Before it can happen, the Federal Highway Administration must approve the joint request from PennDOT and the turnpike commission to turn I-80 into a toll road, a move opposed by residents and businesses along the corridor.

Clarion Mayor John Stroup, who's running for Congress, called tolling I-80 "an ill-advised scheme to shut down the economy of rural Pennsylvania" at a meeting with FHWA officials in Washington, D.C., last week.

The House report estimates that a private firm would increase tolls about 5 percent a year in order to return a reasonable profit to its investors.

It also looks at creating a nonprofit Public Benefit Corp. but concludes that would cost millions in start-up costs and, in essence, duplicate what the turnpike commission already has a half-century of experience doing.

"Under the control of a private concessionaire, the turnpike will be operated with a singular focus on the bottom line," the report says.

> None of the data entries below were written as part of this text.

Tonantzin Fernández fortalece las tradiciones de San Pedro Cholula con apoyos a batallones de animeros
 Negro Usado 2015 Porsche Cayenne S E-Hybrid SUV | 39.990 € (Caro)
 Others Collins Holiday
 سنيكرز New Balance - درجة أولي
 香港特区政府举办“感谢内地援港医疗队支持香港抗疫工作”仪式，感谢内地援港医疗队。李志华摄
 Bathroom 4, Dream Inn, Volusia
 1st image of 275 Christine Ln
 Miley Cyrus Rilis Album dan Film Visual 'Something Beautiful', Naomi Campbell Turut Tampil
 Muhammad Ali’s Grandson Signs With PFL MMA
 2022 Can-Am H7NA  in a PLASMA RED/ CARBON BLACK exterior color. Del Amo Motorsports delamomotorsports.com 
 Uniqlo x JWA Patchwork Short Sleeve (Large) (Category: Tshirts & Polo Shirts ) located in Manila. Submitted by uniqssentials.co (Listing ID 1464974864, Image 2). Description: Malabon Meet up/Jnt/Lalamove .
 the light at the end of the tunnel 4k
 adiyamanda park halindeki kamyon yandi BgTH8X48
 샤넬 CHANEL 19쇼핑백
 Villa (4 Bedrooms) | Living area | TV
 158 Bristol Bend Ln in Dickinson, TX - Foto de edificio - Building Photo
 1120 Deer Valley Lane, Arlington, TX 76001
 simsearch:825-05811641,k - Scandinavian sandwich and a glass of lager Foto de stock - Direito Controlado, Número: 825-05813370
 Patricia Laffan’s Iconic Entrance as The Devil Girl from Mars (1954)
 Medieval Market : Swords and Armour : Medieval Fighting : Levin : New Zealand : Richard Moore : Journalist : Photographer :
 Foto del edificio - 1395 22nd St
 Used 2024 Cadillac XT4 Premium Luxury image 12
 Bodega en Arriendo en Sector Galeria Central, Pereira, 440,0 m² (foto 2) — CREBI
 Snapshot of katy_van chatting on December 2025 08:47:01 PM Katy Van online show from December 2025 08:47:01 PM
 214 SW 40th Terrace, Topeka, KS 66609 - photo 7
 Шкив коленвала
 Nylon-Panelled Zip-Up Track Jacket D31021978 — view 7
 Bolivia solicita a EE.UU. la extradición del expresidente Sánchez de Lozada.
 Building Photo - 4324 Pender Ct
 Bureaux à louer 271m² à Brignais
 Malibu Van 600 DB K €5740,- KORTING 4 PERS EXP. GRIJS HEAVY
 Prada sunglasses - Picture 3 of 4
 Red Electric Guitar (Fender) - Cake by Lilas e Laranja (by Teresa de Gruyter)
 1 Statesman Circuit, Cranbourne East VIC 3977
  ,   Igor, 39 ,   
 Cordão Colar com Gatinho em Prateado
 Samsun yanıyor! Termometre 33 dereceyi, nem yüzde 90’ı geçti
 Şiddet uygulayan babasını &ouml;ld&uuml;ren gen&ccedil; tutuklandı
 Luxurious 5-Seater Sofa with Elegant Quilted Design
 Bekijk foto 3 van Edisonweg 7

"The turnpike will cease to be an asset that state government can use to promote economic development and other social objectives and will no longer be part of a larger transportation network to be managed in a coordinated manner.

"We believe the Commonwealth is best served by staying the course with Act 44. If the [FHWA] fails to approve tolling on I-80, additional revenues can be generated through a full public monetization of the turnpike, by identifying other supplemental revenue sources, or by some combination of those approaches."

Pennsylvania is not the first to consider such leasing arrangements.

In October 2005, Chicago leased its eight-mile Chicago Skyway for 99 years for $1.82 billion. Most of the money is gone; it went to pay off road and city debts The old $2 toll is being raised a step at a time to $5 by 2017, when it will average 62.5 cents a mile.

In June 2006, Indiana leased its 157-mile Indiana Toll Road for 75 years for $3.85 billion. The money is programmed to be spent over 10 years to build other highways and bridges, while tolls are to be raised a minimum of 2 percent a year, depending on cost-of-living adjustments.